From the line that contains "Costume Necklace Variety" through the line that contains "Nagi seishiro", output every line of the listing below exactly and leave out all the rest.
----------------
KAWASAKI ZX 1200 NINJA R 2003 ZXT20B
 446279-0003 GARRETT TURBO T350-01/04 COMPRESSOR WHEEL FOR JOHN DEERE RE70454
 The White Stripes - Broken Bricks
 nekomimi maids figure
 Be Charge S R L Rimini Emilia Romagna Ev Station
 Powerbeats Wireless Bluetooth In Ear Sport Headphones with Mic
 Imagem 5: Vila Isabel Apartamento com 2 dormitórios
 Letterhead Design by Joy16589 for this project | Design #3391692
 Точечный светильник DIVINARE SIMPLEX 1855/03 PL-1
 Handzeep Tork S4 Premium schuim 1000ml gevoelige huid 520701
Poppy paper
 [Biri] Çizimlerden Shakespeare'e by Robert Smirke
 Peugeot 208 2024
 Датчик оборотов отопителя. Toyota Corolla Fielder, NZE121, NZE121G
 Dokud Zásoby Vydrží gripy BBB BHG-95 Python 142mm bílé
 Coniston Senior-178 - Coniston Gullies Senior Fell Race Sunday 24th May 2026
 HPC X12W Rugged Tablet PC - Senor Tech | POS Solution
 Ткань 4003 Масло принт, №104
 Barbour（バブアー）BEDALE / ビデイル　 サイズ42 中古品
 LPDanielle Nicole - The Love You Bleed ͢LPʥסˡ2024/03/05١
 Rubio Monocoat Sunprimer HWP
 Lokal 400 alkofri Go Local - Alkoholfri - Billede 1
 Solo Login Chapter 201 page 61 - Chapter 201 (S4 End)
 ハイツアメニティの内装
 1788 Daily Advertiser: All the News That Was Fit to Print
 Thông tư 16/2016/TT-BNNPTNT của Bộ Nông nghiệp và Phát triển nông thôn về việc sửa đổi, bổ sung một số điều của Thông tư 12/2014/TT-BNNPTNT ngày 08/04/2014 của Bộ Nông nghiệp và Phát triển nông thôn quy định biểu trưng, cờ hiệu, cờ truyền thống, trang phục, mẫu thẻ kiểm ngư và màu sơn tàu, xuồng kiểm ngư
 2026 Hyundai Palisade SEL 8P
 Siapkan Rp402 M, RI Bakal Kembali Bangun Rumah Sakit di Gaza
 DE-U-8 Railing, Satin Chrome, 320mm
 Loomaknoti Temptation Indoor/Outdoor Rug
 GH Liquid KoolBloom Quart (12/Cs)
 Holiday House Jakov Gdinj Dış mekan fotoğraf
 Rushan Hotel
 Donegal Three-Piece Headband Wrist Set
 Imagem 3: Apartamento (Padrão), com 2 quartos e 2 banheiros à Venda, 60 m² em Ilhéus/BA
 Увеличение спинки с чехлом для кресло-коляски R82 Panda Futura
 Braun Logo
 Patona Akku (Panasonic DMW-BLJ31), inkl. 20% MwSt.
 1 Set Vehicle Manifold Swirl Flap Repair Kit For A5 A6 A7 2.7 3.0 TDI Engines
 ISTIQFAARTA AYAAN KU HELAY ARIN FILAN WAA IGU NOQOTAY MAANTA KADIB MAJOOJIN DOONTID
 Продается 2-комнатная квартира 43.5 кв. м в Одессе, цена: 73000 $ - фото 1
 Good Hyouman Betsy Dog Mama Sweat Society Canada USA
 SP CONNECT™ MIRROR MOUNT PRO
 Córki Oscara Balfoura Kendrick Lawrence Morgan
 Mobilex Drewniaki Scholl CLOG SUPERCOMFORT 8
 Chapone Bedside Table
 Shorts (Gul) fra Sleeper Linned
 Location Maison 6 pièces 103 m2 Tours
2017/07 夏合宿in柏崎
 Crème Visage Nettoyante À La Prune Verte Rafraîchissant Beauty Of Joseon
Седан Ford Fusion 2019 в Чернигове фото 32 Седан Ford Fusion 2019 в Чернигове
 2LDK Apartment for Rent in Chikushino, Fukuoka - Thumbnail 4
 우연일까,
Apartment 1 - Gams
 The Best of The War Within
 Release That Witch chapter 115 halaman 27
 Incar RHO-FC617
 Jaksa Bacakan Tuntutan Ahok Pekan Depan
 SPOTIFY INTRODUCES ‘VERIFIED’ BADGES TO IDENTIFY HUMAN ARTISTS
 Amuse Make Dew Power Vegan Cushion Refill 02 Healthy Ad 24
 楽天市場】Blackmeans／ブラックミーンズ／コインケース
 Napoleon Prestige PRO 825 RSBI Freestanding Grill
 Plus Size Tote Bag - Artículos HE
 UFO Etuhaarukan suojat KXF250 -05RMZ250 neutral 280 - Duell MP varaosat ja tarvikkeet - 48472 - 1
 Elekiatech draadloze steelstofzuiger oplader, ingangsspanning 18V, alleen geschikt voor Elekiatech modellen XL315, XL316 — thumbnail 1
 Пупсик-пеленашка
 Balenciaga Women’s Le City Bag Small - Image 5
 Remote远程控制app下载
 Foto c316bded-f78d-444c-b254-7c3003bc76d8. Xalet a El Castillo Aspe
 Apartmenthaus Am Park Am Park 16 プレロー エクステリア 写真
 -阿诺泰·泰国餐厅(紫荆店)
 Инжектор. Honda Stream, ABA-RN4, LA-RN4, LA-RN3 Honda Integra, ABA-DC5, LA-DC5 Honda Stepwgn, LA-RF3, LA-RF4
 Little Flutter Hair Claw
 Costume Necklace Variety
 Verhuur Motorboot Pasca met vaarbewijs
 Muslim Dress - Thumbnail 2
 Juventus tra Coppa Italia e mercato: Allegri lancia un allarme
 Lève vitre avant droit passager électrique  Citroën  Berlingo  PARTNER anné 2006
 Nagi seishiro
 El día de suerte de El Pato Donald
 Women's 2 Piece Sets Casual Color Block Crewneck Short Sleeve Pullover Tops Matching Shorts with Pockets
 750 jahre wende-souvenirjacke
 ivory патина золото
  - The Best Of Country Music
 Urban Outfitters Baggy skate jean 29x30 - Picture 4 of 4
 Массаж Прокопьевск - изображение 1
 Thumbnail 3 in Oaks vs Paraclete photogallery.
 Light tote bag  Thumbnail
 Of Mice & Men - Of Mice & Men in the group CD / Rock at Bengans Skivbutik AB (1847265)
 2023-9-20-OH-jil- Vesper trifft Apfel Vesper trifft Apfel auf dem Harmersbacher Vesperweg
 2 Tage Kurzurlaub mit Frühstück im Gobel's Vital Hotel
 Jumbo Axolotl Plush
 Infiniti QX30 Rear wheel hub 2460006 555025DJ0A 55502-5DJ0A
----------------
Answer to the problem.
 Costume Necklace Variety
 Verhuur Motorboot Pasca met vaarbewijs
 Muslim Dress - Thumbnail 2
 Juventus tra Coppa Italia e mercato: Allegri lancia un allarme
 Lève vitre avant droit passager électrique  Citroën  Berlingo  PARTNER anné 2006
 Nagi seishiro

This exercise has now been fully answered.